I have created a simple test case below. Basically, I have a three column dataframe where the “DAY” and “VALUE” columns correspond to the x and y coordinates for a time series. The third column “REF_START_DAY” is a different location (referenced by the start day) on the same time series. Finally, the slider moves across the time series and displays 500 day segments along the time series starting with the slider.value (blue) along with its corresponding 500 day reference segment along the time series starting with “REF_START_DAY” (red).
#!/usr/bin/env python
import numpy as np
import pandas as pd
from bokeh.plotting import figure, curdoc
from bokeh.layouts import layout
from bokeh.models import ColumnDataSource, Slider
window = 500
n = 10000
df = pd.DataFrame()
df[‘DAY’] = range(n)
df[‘VALUE’] = np.random.uniform(-1000, 1000, [n])
df[‘REF_START_DAY’] = np.random.randint(0, n-window, n)
idx = df.iloc[[0], :].loc[:, ‘REF_START_DAY’].values[0]

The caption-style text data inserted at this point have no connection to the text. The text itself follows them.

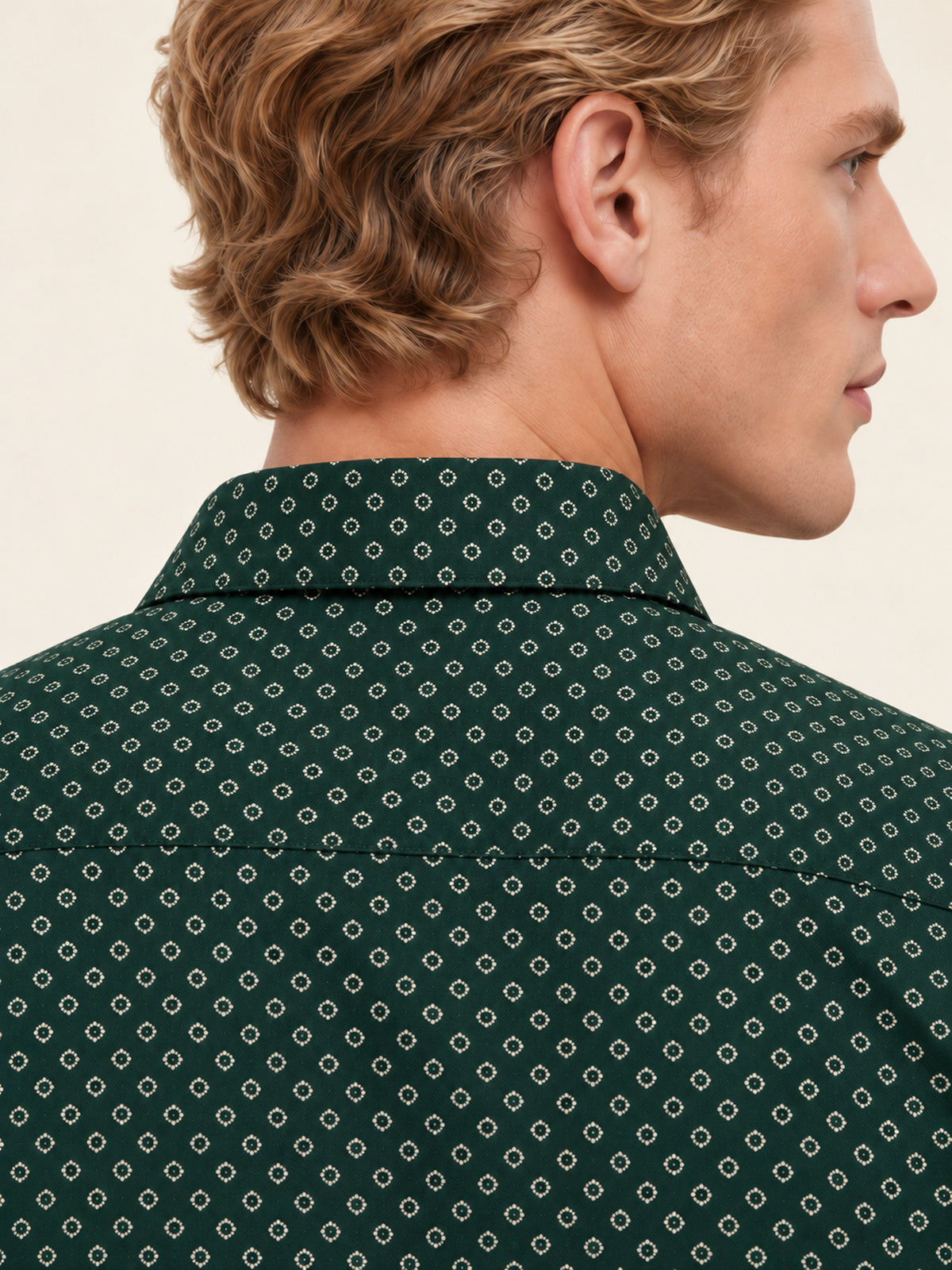 Koyu Yeşil Slim Fit Erkek Gömlek – Desenli Pamuk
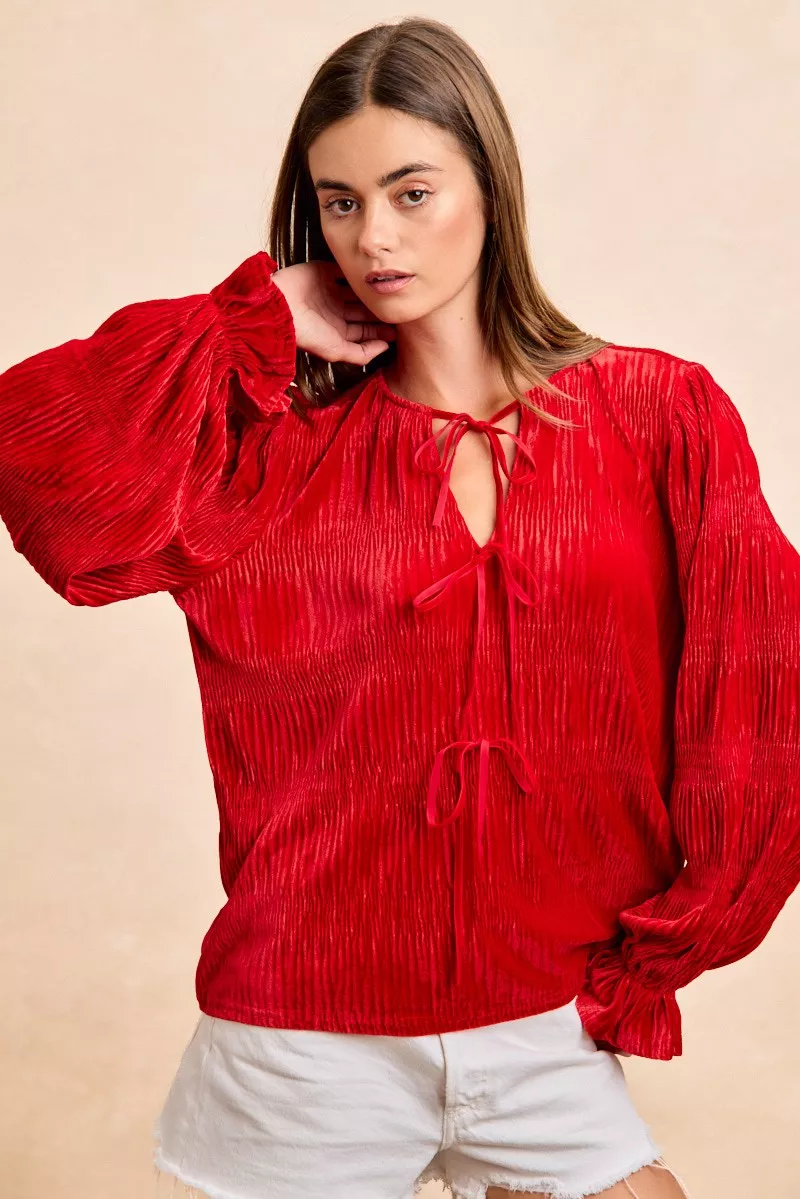 BiBi Christmas Theme Velvet Bow Tied Top With Neck Drop - Image 7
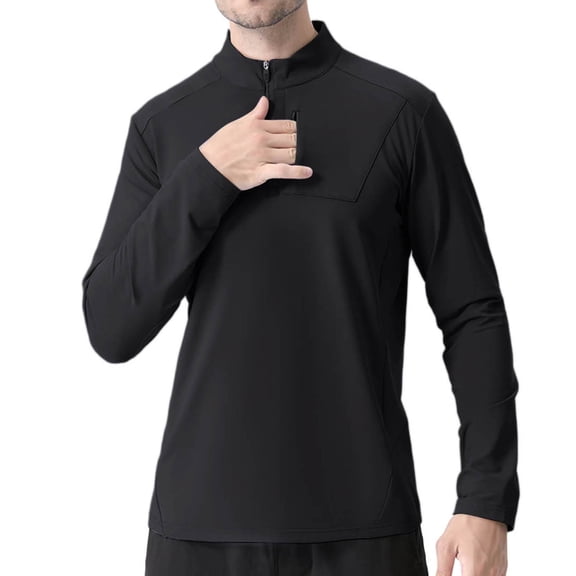 Running T Shirts for Men with Zipper Pocket and Mock Neck Long Sleeve Tops Solid Stretchy Slim Pullover Breathable Athletic Fishing Tshirts Shirt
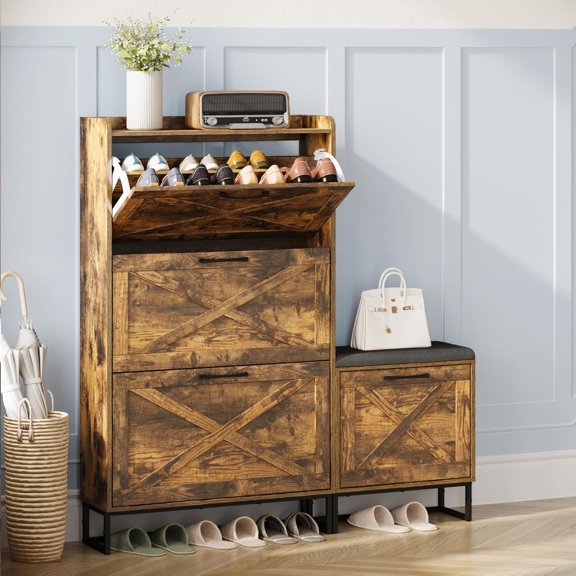 Studyset Farmhouse Shoe Cabinet with 4Drawers, Shoe Storage Cabinet w/Bench for Entryway, Narrow Hidden Shoe Organizer with Upholstered Seat & Metal Legs Narrow Shoe Cabinet 4Freestanding 53" H Sho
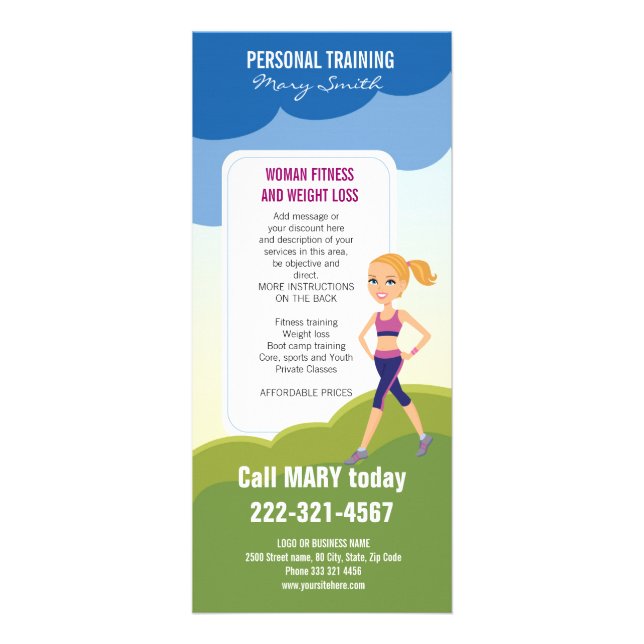 Carte Publicitaire Cartoon Fitness Girl (Devant)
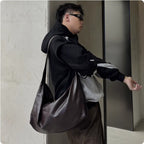 Underarm Retro Soft Leather Hobo Bag Large Capacity Crossbody Dumpling Bag Minimalist Commuter Hobo for Men and Women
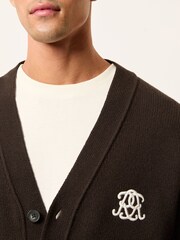 Reiss Brown Norris Monogram Embroidered Wool Cardigan - Image 4 of 7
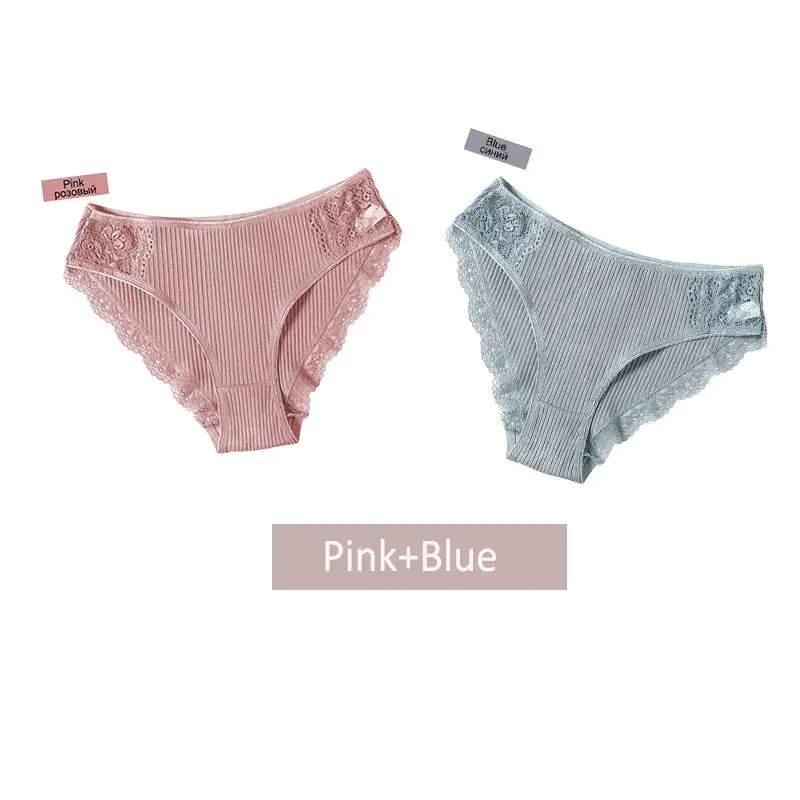 pinkblue Нижнее белье женские хлопковые трусики женские кружевные трусики нижнее белье женские удобные Цветочные трусы женские трусики для девочек - Цвет: pinkblue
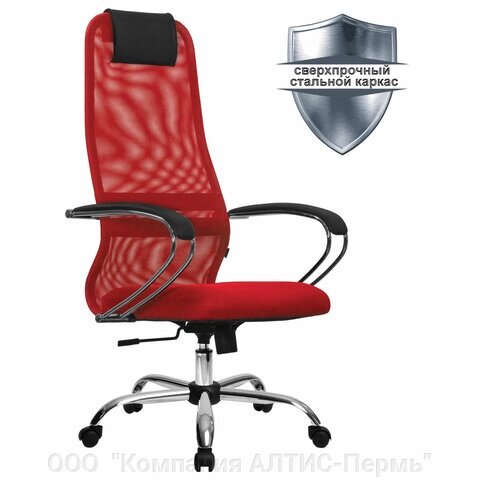 Кресло офисное МЕТТА SU-B-8 хром, ткань-сетка, сиденье мягкое, красное от компании ООО  "Компания АЛТИС-Пермь" - фото 1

cds = ColumnDataSource(dict(
x=df.iloc[0:window, :].loc[:, 'DAY'],
y1=df.iloc[0:window, :].loc[:, 'VALUE'],
y2=df.iloc[idx:idx+window, :].loc[:, 'VALUE'],
)
)
sizing_mode = ‘stretch_both’
p = figure(sizing_mode=sizing_mode)
line1 = p.line(x=‘x’, y=‘y1’, source=cds, color=‘blue’)
line2 = p.line(x=‘x’, y=‘y2’, source=cds, color=‘red’)
slider = Slider(start=0.0, end=10000-window, value=0, step=1, sizing_mode=sizing_mode)
def update(attr, old, new):
data = line1.data_source.data
data['y1'] = df.iloc[slider.value:slider.value+window, :].loc[:, 'VALUE'].tolist()
# The below two lines cause the delay between the slider and plot update
idx = df.iloc[[slider.value], :].loc[:, 'REF_START_DAY'].values[0]
data['y2'] = df.iloc[idx:idx+window, :].loc[:, 'VALUE'].tolist()
slider.on_change(‘value’, update)
l = layout(children=[[p],[slider]], sizing_mode=sizing_mode)
curdoc().add_root(l)
The plot updates quickly if I’m only updating the blue curve. However, if I update both the blue and the red at the same time then I see a significant delay. Essentiallly, I the both curves are just subsetting from the larger dataframe but the length of those data sources have a length of 500 (much shorter than the dataframe length). I want to get rid of as much of the delay as possible.